Ordinary Grace by William Kent Krueger
In New Bremen, Minnesota the year of 1961, thirteen-year-old Frank Drum is dealing with a depressing and terrifying summer. A recent tragedy has affected everyone in Frank’s family, turning his summer of adolescence into a moment in which he must mature well beyond his years. Frank tells his story of what happened to his family that summer including his Methodist minister father, artistic mother, dancer sister, and intelligent younger brother.
The Great Gaston Murder by Colette Clark
The year is 1925 and Penelope Banks is turning twenty-five. With that, she is going to be throwing the most lavish party to ever happen on Long Island. When Penelope arrives to the mansion where the party is being held, she finds the handsome and mysterious artist, James Gaston, is living in one of the cottages on the property. But something dark is also lurking in the shadows as a maid has been murdered at the estate across the bay. As the party approaches, Penelope’s evening is about to be a whirlwind of love triangles, mystery and murder.
Murder at the Serpentine Bridge by Andrea Penrose
Countess of Wrexford, Charlotte, is looking forward to a summer of relaxation and peace with her husband, family, and friends. All of that is a mere prayer when Wrexford and two young wards, Raven and Hawk, find a body floating in the lake. Jeremiah Willis was an intelligent engineer who recently designed a top secret weapon that’s prototype is missing from the laboratory. Now, Wrexford must find the prototype before it ends up in the wrong hands but is about to find out the person who has it isn’t far away at all.

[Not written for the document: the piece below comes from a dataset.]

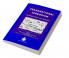 Transnational Terrorism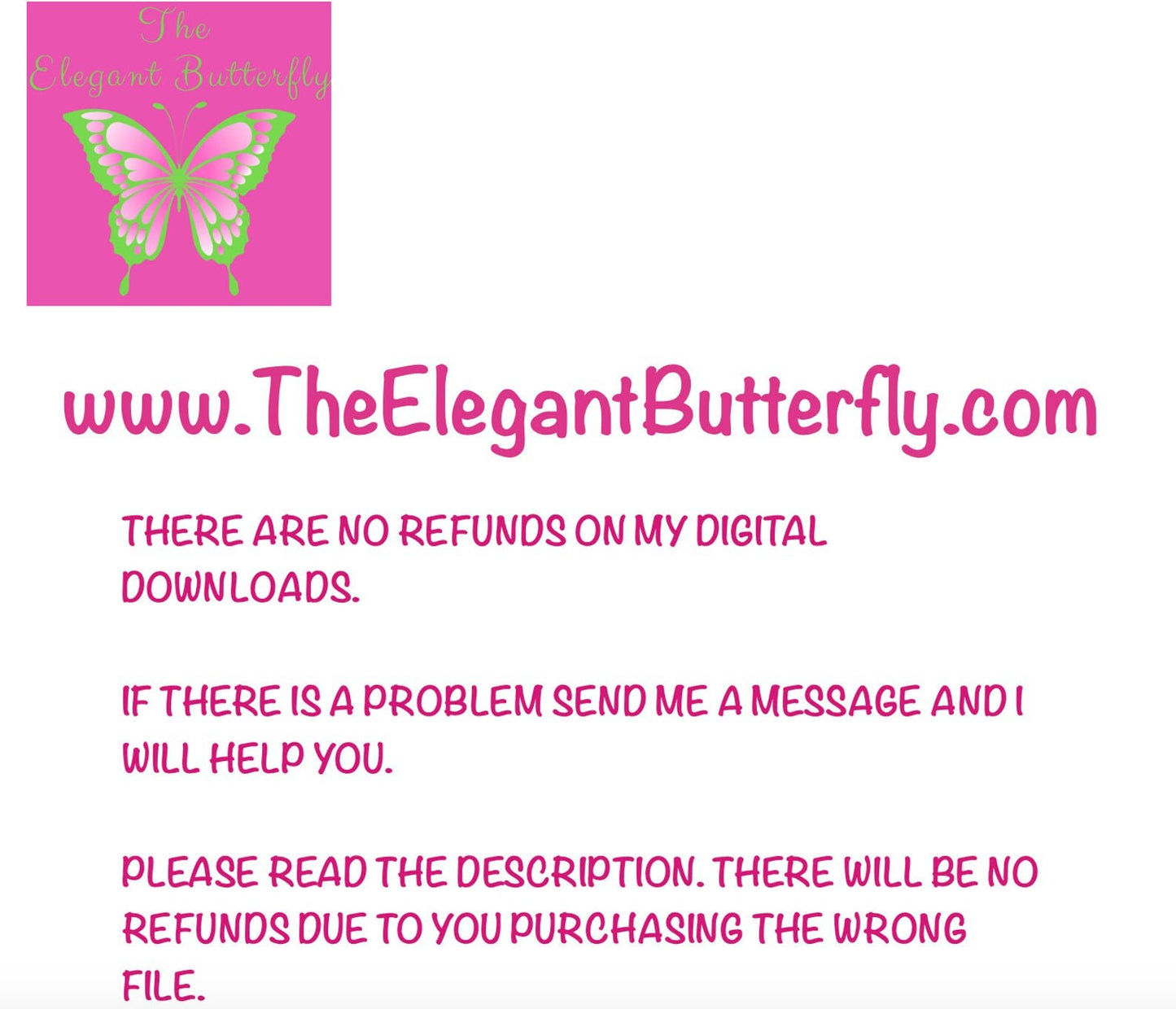 Emojipoo Happy Snap tab and Eyelet Embroidery Files/In the hoop snap tabs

Above the Bay of Angels by Rhys Bowen
Bella is a servant who has always dreamed of being a chef and has just received an opportunity to work in the kitchens at Buckingham Palace. Shortly after arriving as Helen Barton from Yorkshire, she is now creating meals for Queen Victoria and before she knows it, she is being invited to Nice. When a guest to the queen dies, Bella is the prime suspect as she prepared their meal and is now accused of poisoning them.
The Unknown Beloved by Amy Harmon
In 1923, Dani Flanagan is ten years old and has just returned to her home in Chicago to find the police at her home and her parents dead. Young patrolman, Michael Malone, believes there’s more to Dani and the case, but he is told to do his job and Dani is sent to Cleveland to live with family. Fifteen years later, Michael is investigating a serial killer and crosses paths with Dani once again. Taking this as a sign, Michael enlists Dani’s help to solve these murders.
Snow by John Banville
Detective Inspector St. John Strafford has just been summoned to a crime scene where a parish priest has been found dead by his wealthy family. It’s 1957 and the Catholic Church is the ruler of Ireland, but Strafford is Protestant and that alone hinders him from getting answers from the tightknit community. Strafford may just be dealing with his most dangerous case yet as the snow starts to accumulate and his deputy disappears.
The Alienist by Caleb Carr
In 1986 New York City, journalist John Schuyler Moore has been asked by psychologist or “alienist” Dr. Laszlo Kriezler to investigate the murder of an adolescent boy. The two then create a psychological profile of the killer based on the crime and use the profile to help them hunt down a killer who is already searching for their next victim.